_Problem details:_ When copying the listing below, skip every picture and keep each word as it stands.

_Information shown:_
################

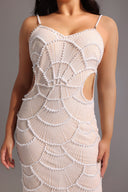 Teresa Pearl Payetli Midi Elbise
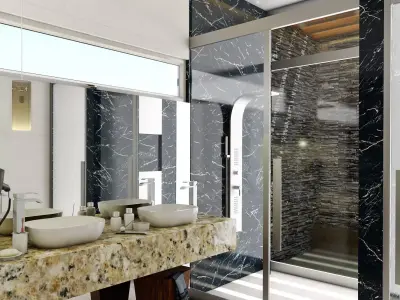 Bathrooms modern bathroom with marble counter tops 3D model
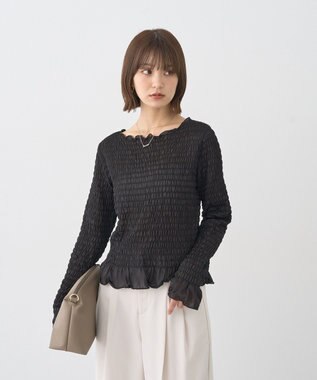 earth music&ecology シャーリングメロープルオーバー Black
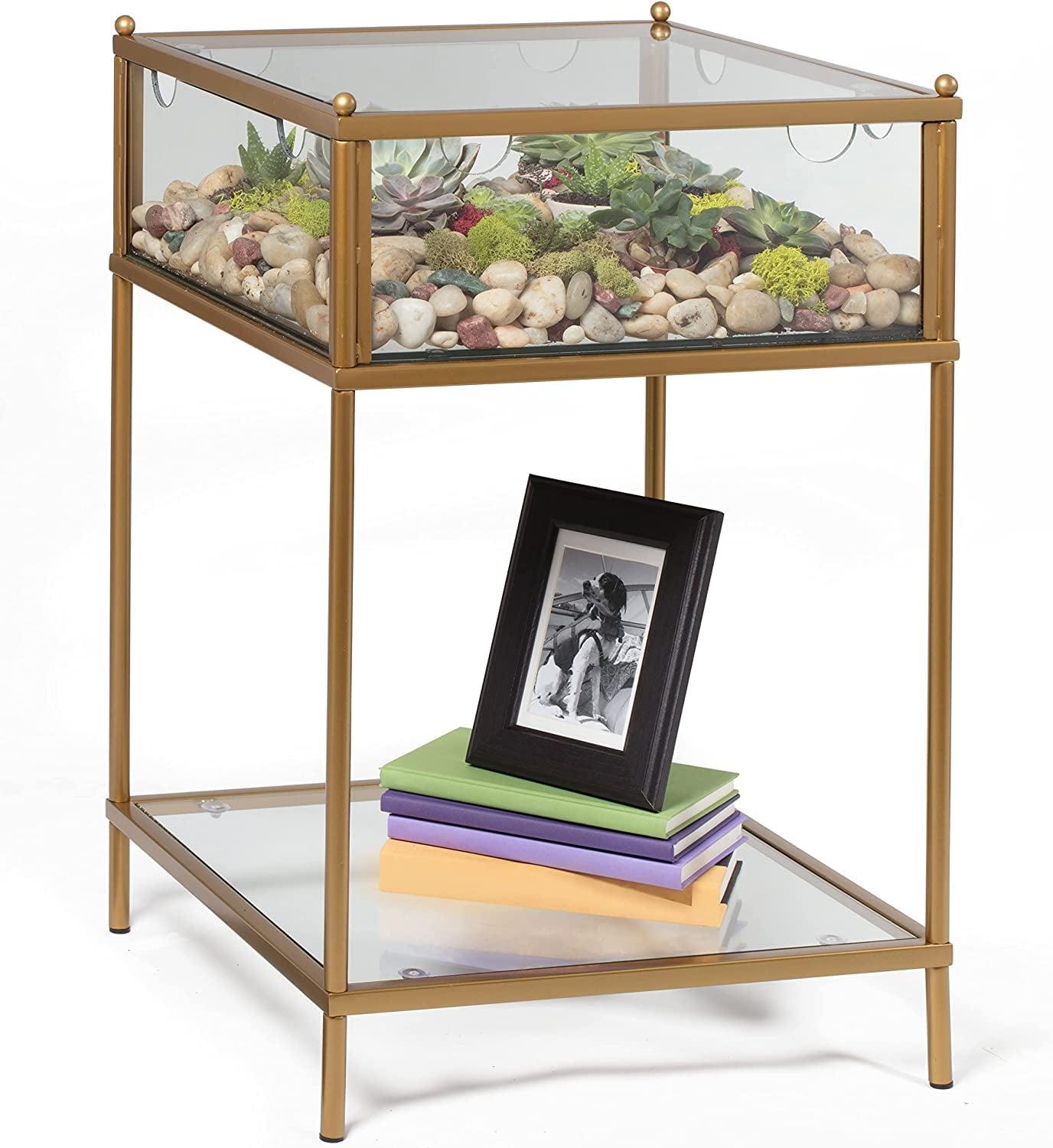 Gold Iron Square Terrarium End Table with Reinforced Glass, 18x18x27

################

_Solution to this exercise:_
 Teresa Pearl Payetli Midi Elbise
 Bathrooms modern bathroom with marble counter tops 3D model
 earth music&ecology シャーリングメロープルオーバー Black
 Gold Iron Square Terrarium End Table with Reinforced Glass, 18x18x27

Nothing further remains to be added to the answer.